Understanding and Addressing Everyday Incivility delves into the day-to-day annoying behaviors that color our interactions with other people, such as the use of crude language in public; family members who claim that they're "just teasing" and we're "too sensitive" when we're the target of their incivility; coworkers who prevent us from accomplishing tasks; and inflammatory remarks posted on social media sites.
Lane explores what is considered uncivil behavior, why we label some acts as crude or selfish while others are deemed polite and proper, and how these labels often change from one context to the next. She highlights the power dynamics at play in our interactions, and explains how "rude" behavior can sometimes be beneficial--and vice versa. Rather than a simplistic manual of manners, Lane provides both the tools to understand everyday incivility and strategies for responding effectively and appropriately to what we interpret as incivility.

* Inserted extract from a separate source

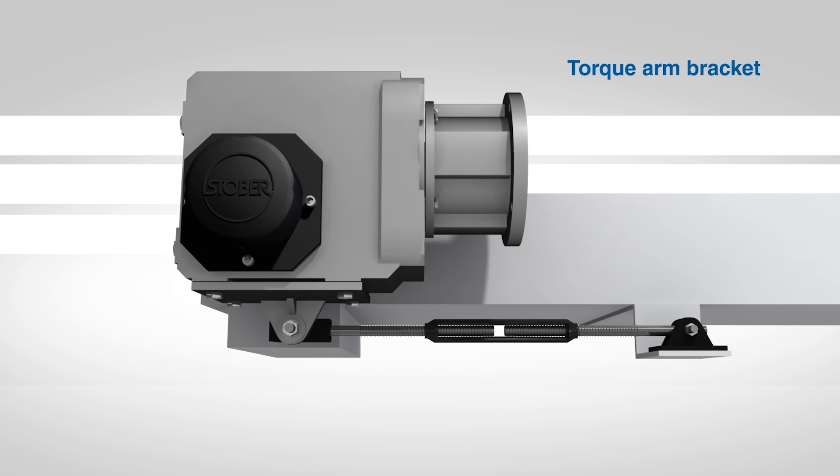Some movement or wobbling of the gear reducer on the conveyor shaft is normal and should not be constrained. The most common method of mounting a gear reducer is a torque arm. It allows the gear reducer to float with the runout on the shaft, eliminates bearing and shaft fatigue, and transmits the torque effectively.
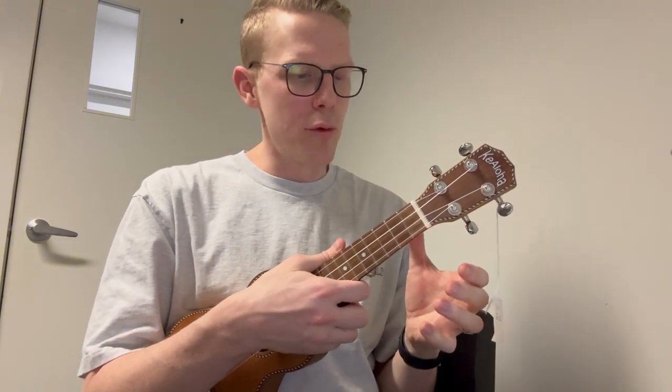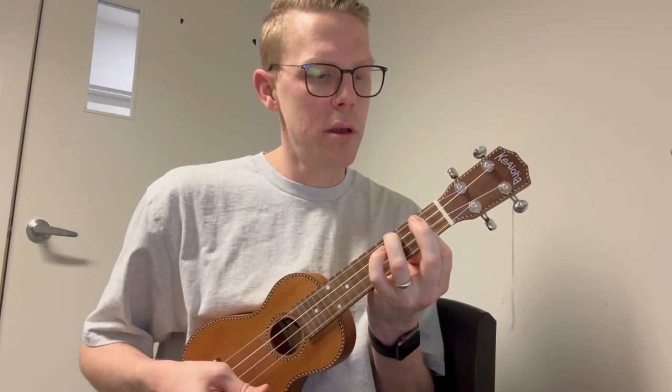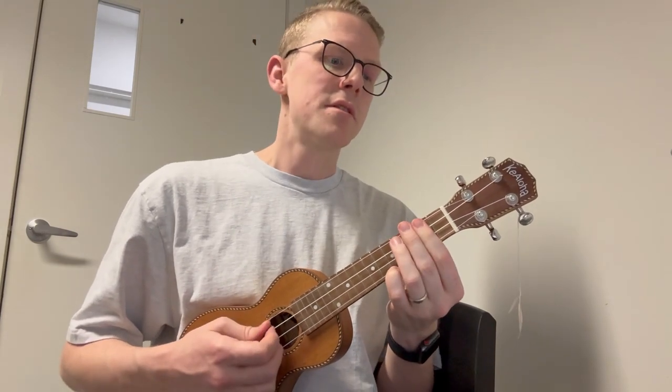When it comes to the pre-chorus, we're going from a B minor to a D to a G, and then back to the D across four bars. To play B minor, we're barring across the second fret with the third finger on the fourth fret on the lower string. Then we go back to D, G, and back to D for two bars.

Parts of civility: Respect, responsibility, restraint and ethics (which really could just be a subcategory of “responsibility,” I think) as opposed to manners, which are rituals different cultures abide by (44-45).

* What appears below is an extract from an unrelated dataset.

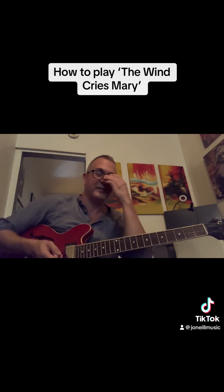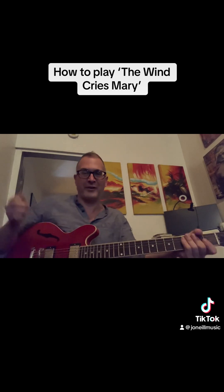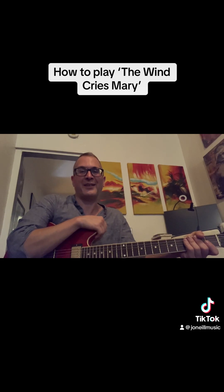Hey there, this video is for a very special audience of one — that of course is Mr. Jesse Garrison down in Florida. Jess, what's going on? It's been way too long. Jess and I used to play in a punk band in middle school together called Gage — that's the A with the anarchy symbol in the logo. And Jesse asked me to show him how to play 'When Cries Married' by Jimi Hendrix.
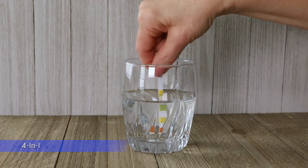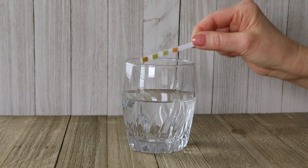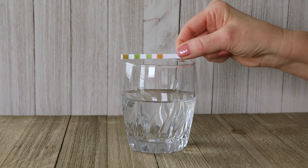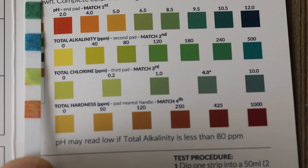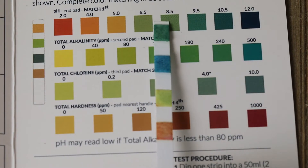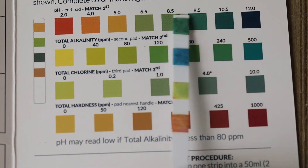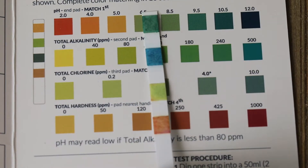Dip the four-in-one strip into eight ounces of water for five seconds. Remove and shake off excess water. Wait 20 seconds for the color to develop. The four-in-one test measures pH, alkalinity, chlorine, and hardness. Compare the strip to the color chart — the closest match indicates the level.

Recognizes how civility can have "good, bad and virtue"--how civilty can enforce conformity. Of course, we always think we are justified in our breaking civility, when the other guy is definitely not .

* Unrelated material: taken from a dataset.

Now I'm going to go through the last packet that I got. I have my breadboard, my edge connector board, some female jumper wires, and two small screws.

Chapters about incivility at work, at home, online etc. with end-of-chapter pull outs on how to try to combat incivilty. For example, for everyday incivility online, the author recommends reporting abuse on social media, making use of "netiquette" information and reporting trolls to their companies if appropriate.
Chapter about power factors, microaggressions, etc.
Not an easy read. Clinical & dry. Hard to stay engaged. The book approaches our deteriorating and increasingly uncivil society from a psychological and humanistic viewpoint and omits the spiritual perspective. Overall, the book falls short.